Jafna sprang up and patted his chest, “So be selfish and dun have children?” He roared, flashing the world his devilish grin, “I can do dat!”

Etro laughed to that, “Me to!”

Azhar remembered himself being the most hesitant, though his answer came at the behest of his fellows, “Easy enough,” he hushed in agreement.

He wish he hadn’t.

Azhar jolted awake, sweating and gasping for breath. He reared his head in every direction and finally ran one hand sloppily over his face as he realised where he was, still in the grasslands of Gin.

In the distance the melodic chirping of crickets eased his mind. He sat up, knowing anymore sleep would be impossible that night. He tossed his eyes back to the horizon. It was still dark, yet the very edges of dawn were fast approaching.

As he stumbled out of his sleeping roll, he noticed one more up and sitting by the remnants of the fire. It was Cirin.

He made for an open spot besides the boy and patted his apprentice on the shoulder once he got there.

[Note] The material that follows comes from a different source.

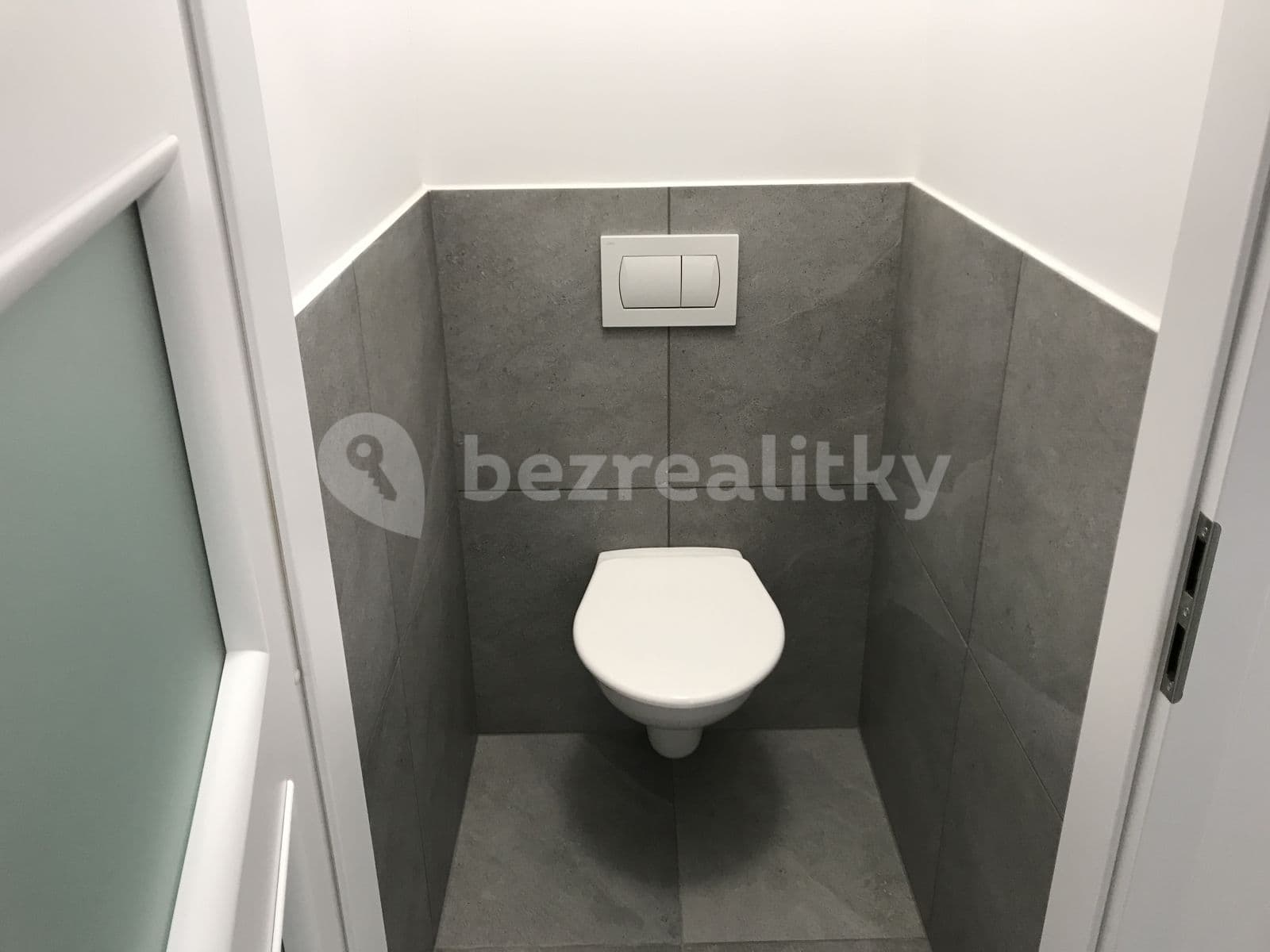 Prenájom domu 958 m², pozemok 958 m², Malá Hraštice, Středočeský kraj Prenájom domu 958 m², pozemok 958 m², Malá Hraštice, Středočeský kraj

“Couldn’t sleep?” he pestered Cirin.

Cirin shook his head. From there Azhar could make out a glimpse of Cirin’s eyes. Red as ever.

“Me to,” grunted Azhar. He stared at the cloudless sky. He remembered the start of it all. It had to have been the accursed well, why Etro had ever convinced him to go to such a thing was beyond him.

Gin had one to, a well spirit.

Azhar glanced at Cirin again, “Oi Mouse, when we get ta Gin, avoid da ting called da blue pool. No good will come of it.”

Cirin looked at him curiously, shrugged, then yawned, “Alright.” He said simply.

The two sat there for a while without talk. They breathed out cold air and listened to the chirping of crickets.

Azhar could only guess at what the boy was thinking, but those moments were what he enjoyed the most. In many ways Azhar was the opposite of Jafna. Hannah told him as much. Even the aloof Etro was quick to catch that.

“I had a dream.”

Azhar blinked, caught off guard by the boy’s sudden statement.

“Oh?” Azhar picked up a stick and poked the ashes of last night’s fire, “What kind of dream, mouse?” he asked.

“I was in a walled village filled wit monsters wit red eyes.”

Azhar snickered, “You be no monster, mouse.”

“But da creatures in my dream were,” protested the boy, “Dey weren’t human. Dey were bird-lions who walked upright and-”

“Oi oi, have ya been listening to Manama again?”

Cirin looked away, “She neva told me any stories about it. Besides it was just a dream.”

Azhar gazed of into the distance then, “Just a dream, huh? I had a dream to, mouse.”

Azhar caught Cirin’s dumbfounded gaze and shook his smiling head, “Ya dun tink dis old mon can dream?”

“It’s not dat. Just, ya dun seem ta be ta be da type ta talk about it,” said Cirin.

“I suppose dat be true,” conceded the man. “dough, I wouldn’t call it a dream.” He stared at his own hands and winced, “Cause it had monsters to.”

They arrived in Gin three days later.